▶ **Exercise prompt**
Below is a listing; print exactly its lines from the one containing "Шкафы Ларс Камень серый" down to the one containing "Real estate property", both inclusive, with every picture left out.

▶ **Records to use**
▬▬▬▬▬▬▬▬▬▬

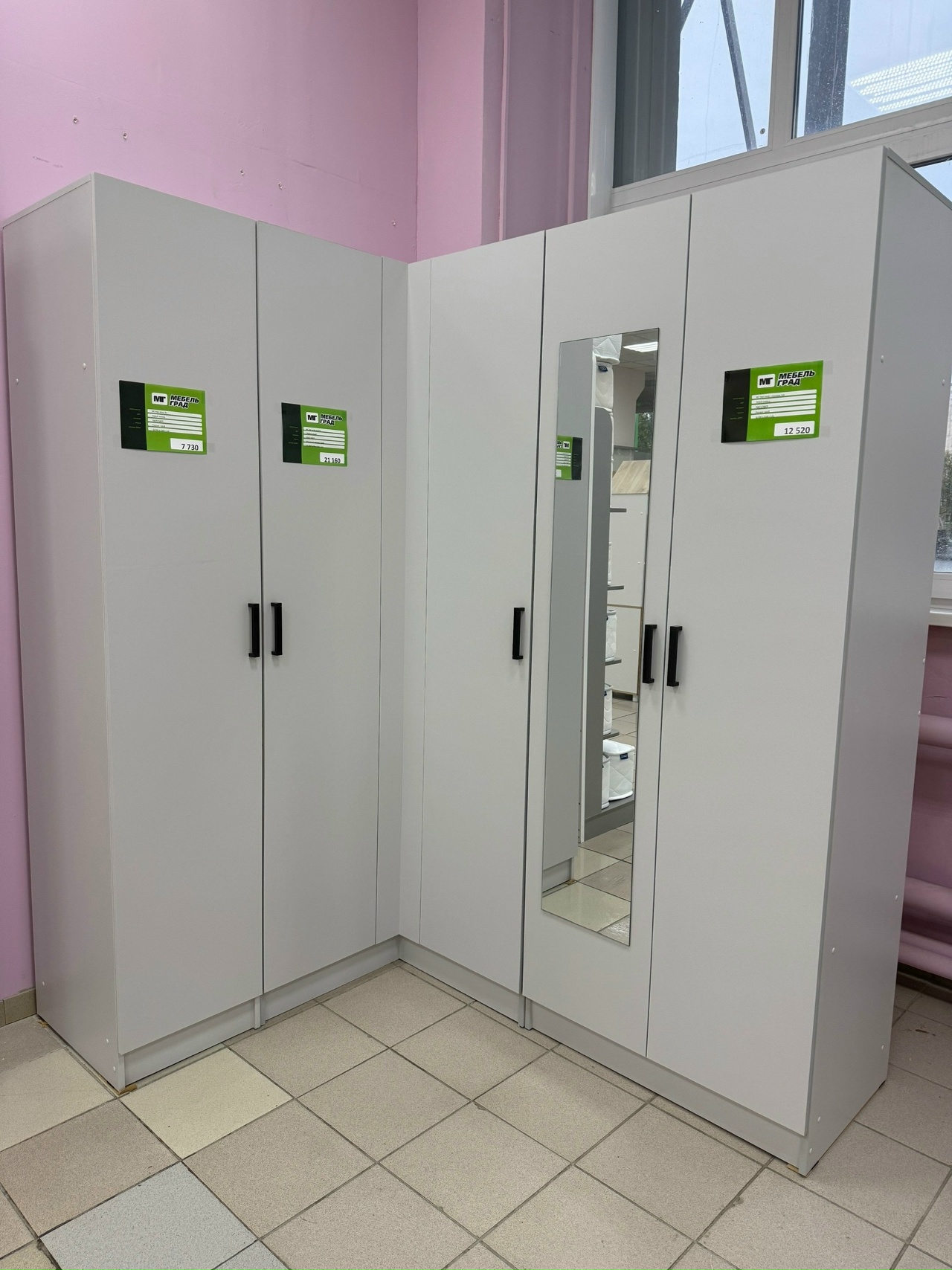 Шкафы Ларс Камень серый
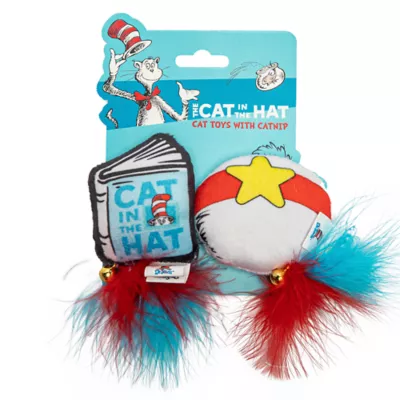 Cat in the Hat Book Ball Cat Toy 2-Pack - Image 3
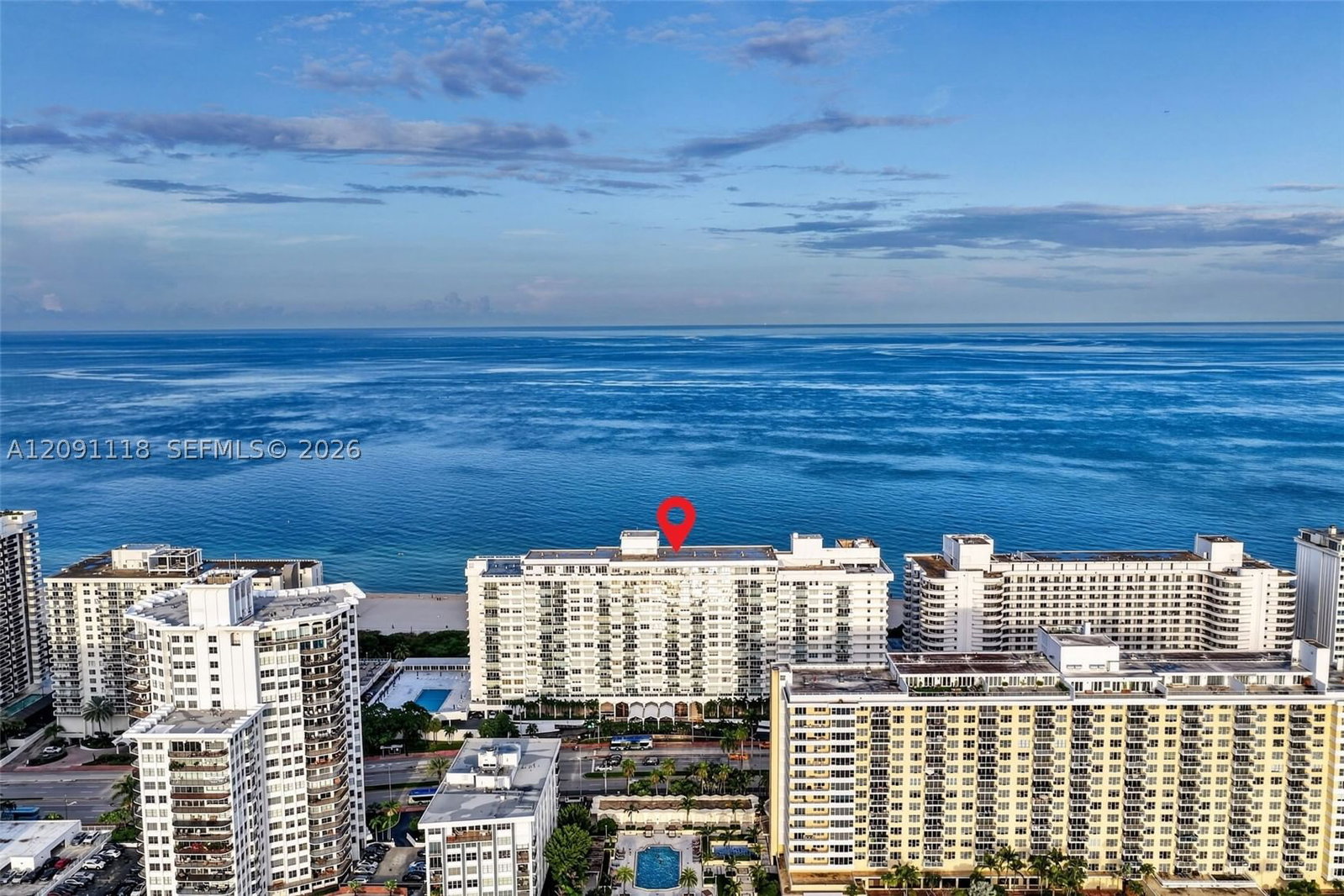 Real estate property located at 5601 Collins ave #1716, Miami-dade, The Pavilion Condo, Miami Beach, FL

▬▬▬▬▬▬▬▬▬▬

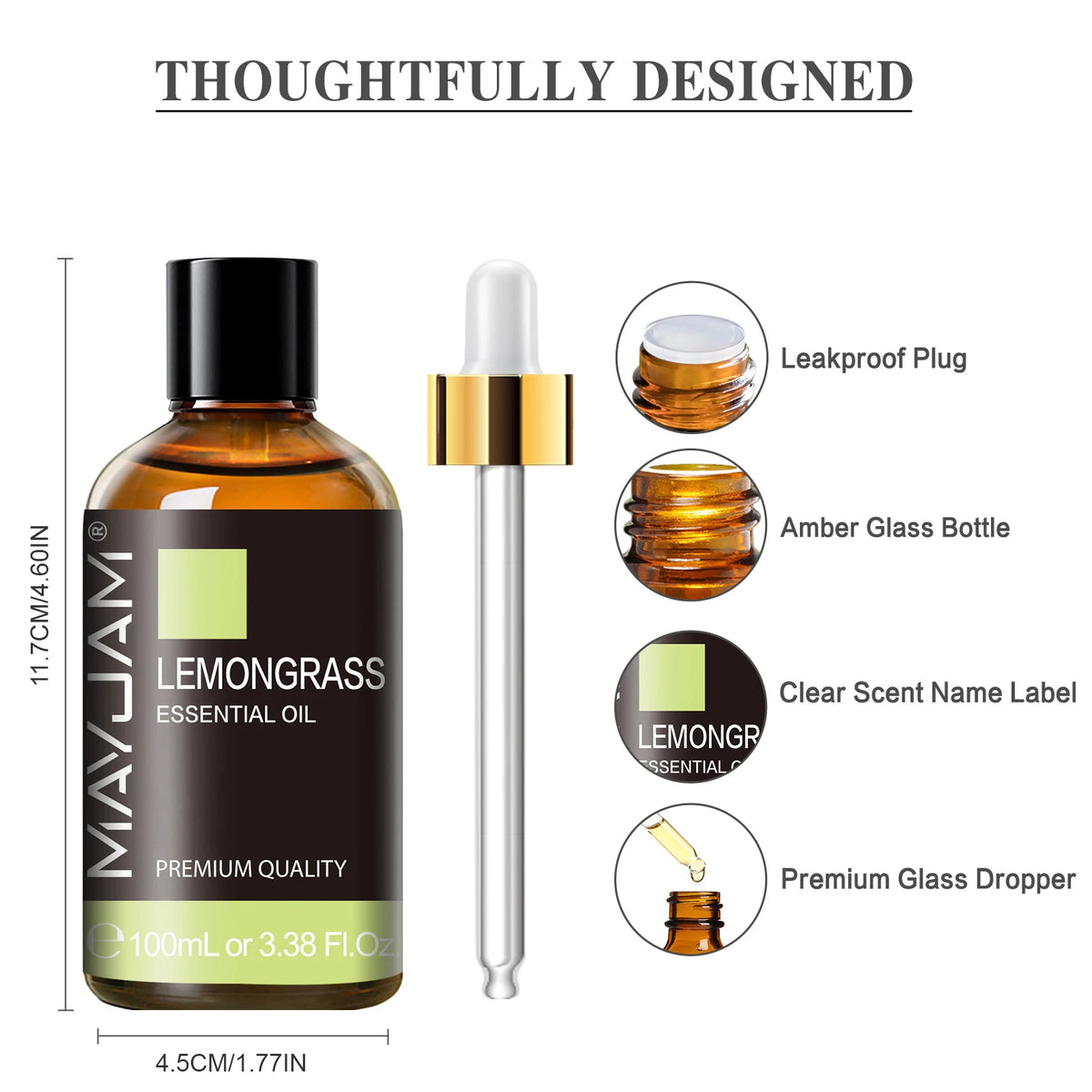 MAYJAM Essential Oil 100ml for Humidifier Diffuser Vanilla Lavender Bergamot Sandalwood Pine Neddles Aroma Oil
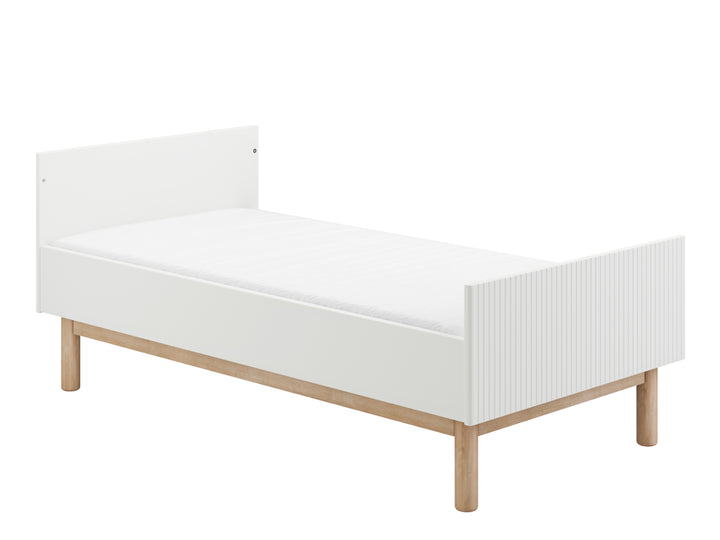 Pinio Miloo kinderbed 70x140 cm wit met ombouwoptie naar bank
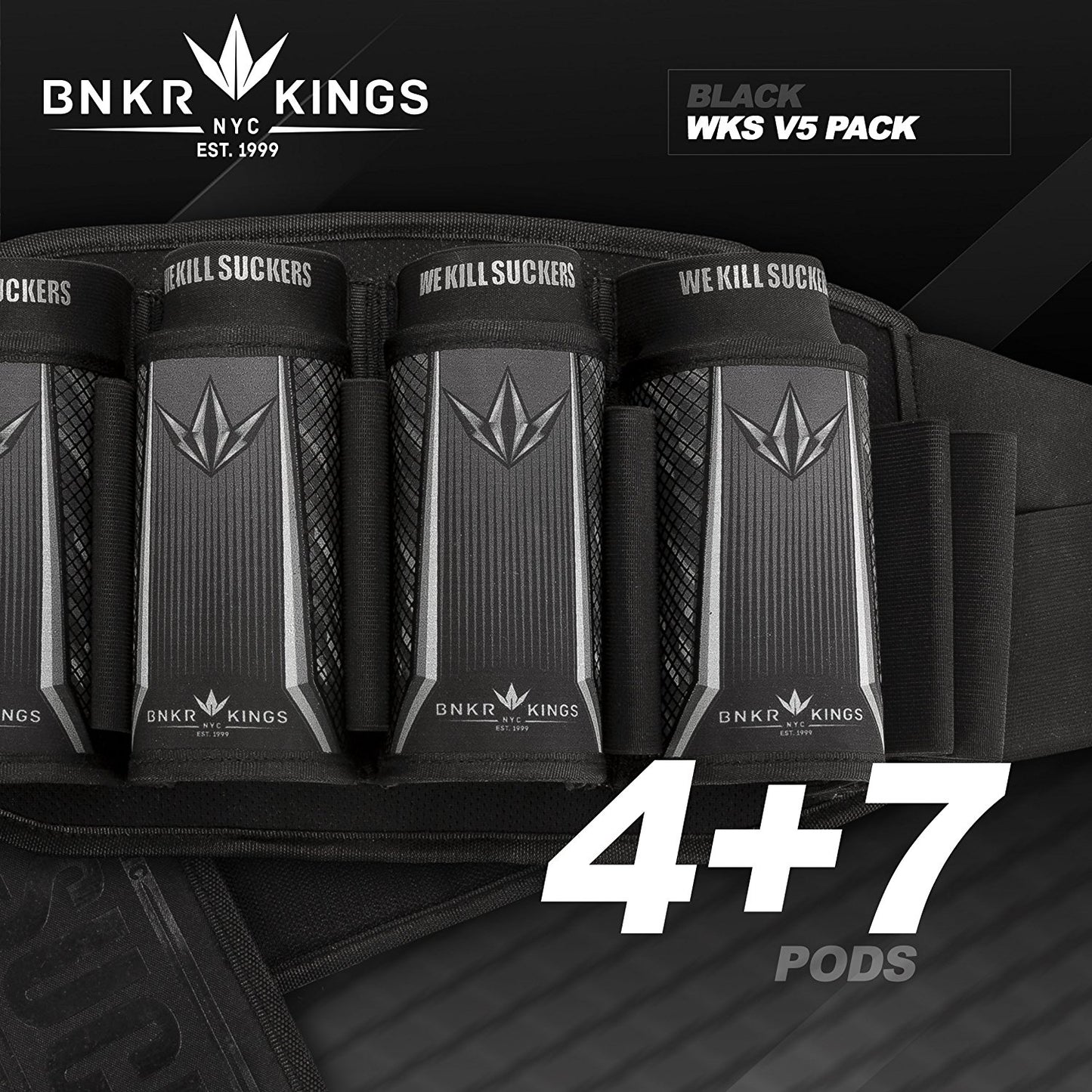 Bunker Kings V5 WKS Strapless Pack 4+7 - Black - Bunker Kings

▬▬▬▬▬▬▬▬▬▬

▶ **Answer section**
 Шкафы Ларс Камень серый
 Cat in the Hat Book Ball Cat Toy 2-Pack - Image 3
 Real estate property located at 5601 Collins ave #1716, Miami-dade, The Pavilion Condo, Miami Beach, FL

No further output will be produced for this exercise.